Ungeachtet der Friedensverhandlungen mit den USA attackieren die Taliban wie bislang Stützpunkte der afghanischen Regierung - mit Erfolg. Immer mehr Bezirke fallen in die Hand der Islamisten.

In Afghanistan haben die radikalislamischen Taliban nach einem US-Bericht ihren Einfluss und ihr Territorium weiter ausgeweitet. Zwischen Juli und Oktober 2018 habe die afghanische Regierung mindestens 7 der etwas mehr als 400 Bezirke an die Aufständischen verloren, heißt es in einem Bericht des Sonderinspekteurs des US-Senats für den Wiederaufbau in Afghanistan (Sigar).

Die Regierung hatte demnach noch in 53,8 Prozent der Bezirke das Sagen, die Taliban kontrollierten mindestens 12 Prozent. Die restlichen Gebiete, mehr als 30 Prozent des Landes, galten im Oktober 2018 als umkämpft. Dem Sigar-Bericht zufolge ist die afghanische Truppenstärke weiter geschrumpft: Im Oktober seien es noch 308.700 Mann gewesen. Der afghanische Präsident Aschraf Ghani hatte jüngst verkündet, dass seit 2014 mindestens 45.000 Sicherheitskräfte getötet worden seien.

Aktuell befinden sich die USA in Verhandlungen mit den Taliban.
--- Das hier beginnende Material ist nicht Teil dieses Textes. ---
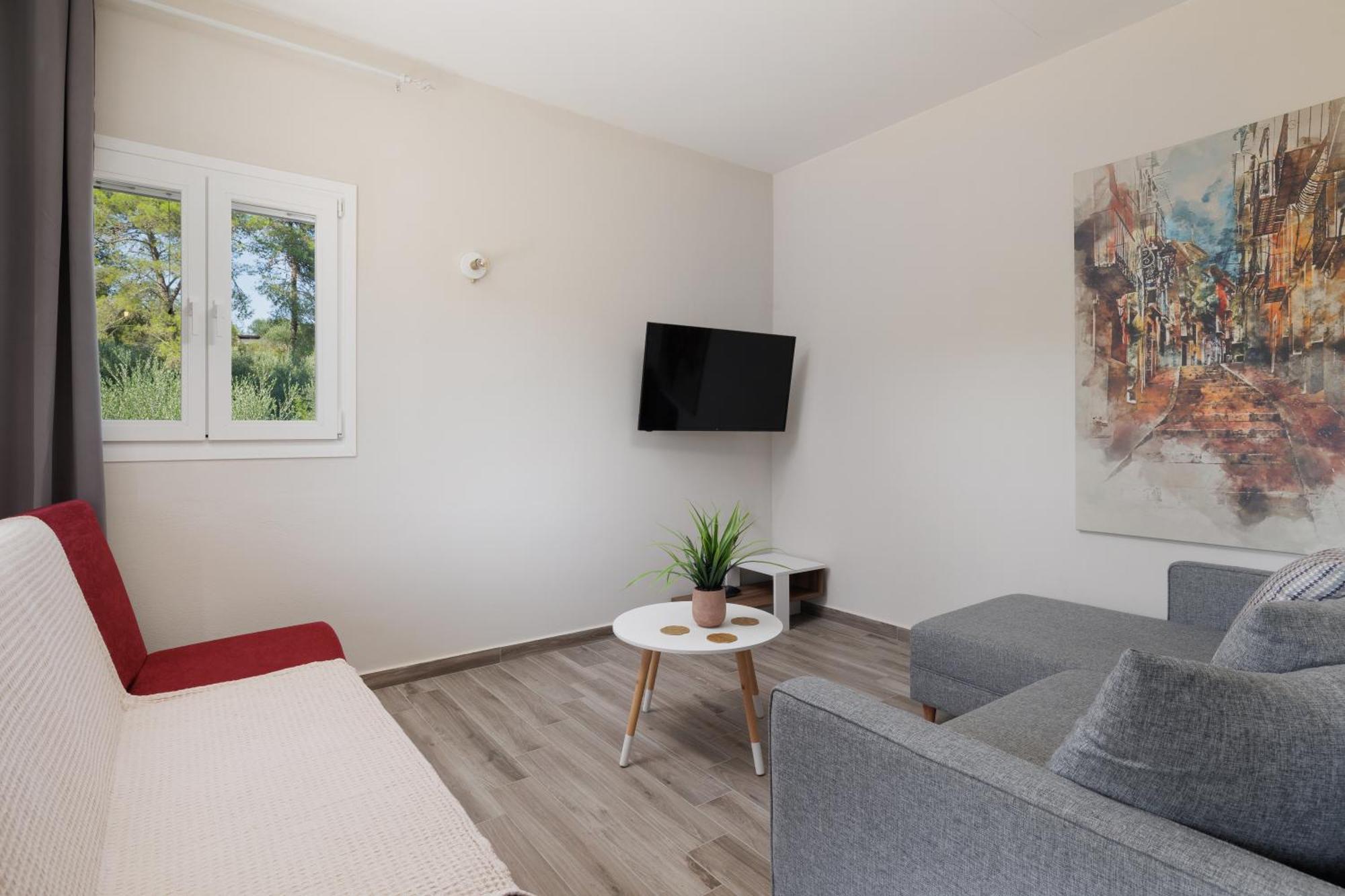 Sundial House Appartement Gouvia Buitenkant foto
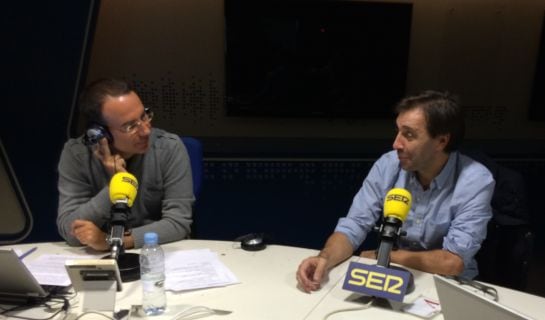 Felipe Miñambres, director deportivo del Rayo Vallecano, junto a Pacojó durante el programa.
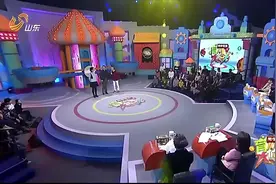 阳刚父亲竟让儿子喝酒，儿子不喝他竟威胁，这爸爸太奇葩了！视频封面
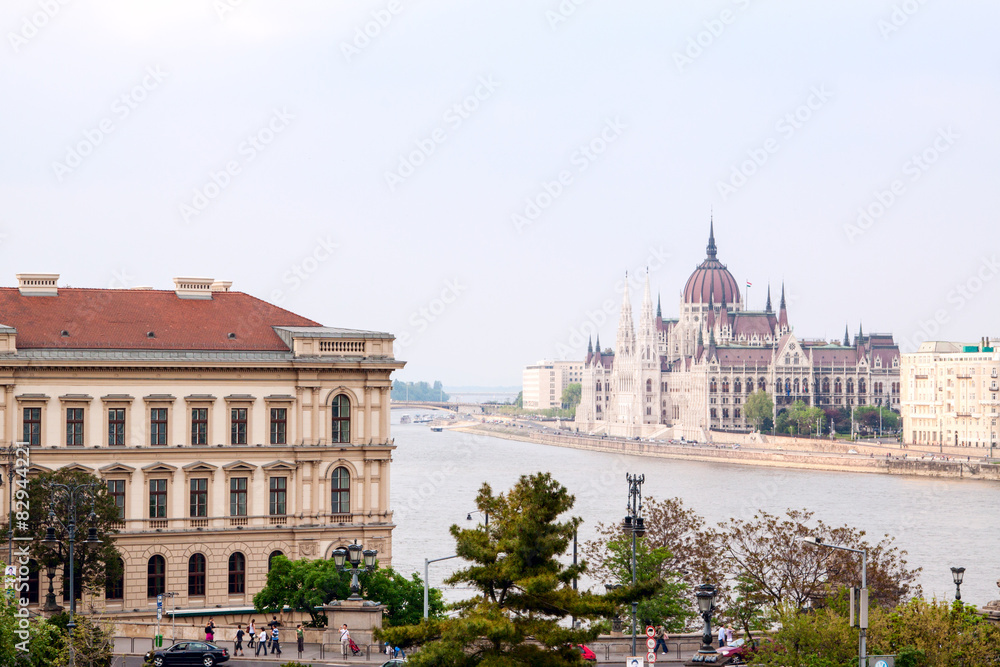 Obraz premium The building of the Parliament in Budapest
Es geht unter anderem um einen Abzug internationaler Truppen, einen Waffenstillstand und um die Frage, wie verhindert werden kann, dass Afghanistan ein sicherer Hafen für Terroristen wird. Am Samstag war die jüngste Gesprächsrunde zu Ende gegangen. Beide Seiten sprachen von Fortschritten.

Die Kampfhandlungen gehen indes weiter. Die Taliban greifen weiter täglich Kontrollposten oder Militärstützpunkte der Regierung an und töten Sicherheitskräfte.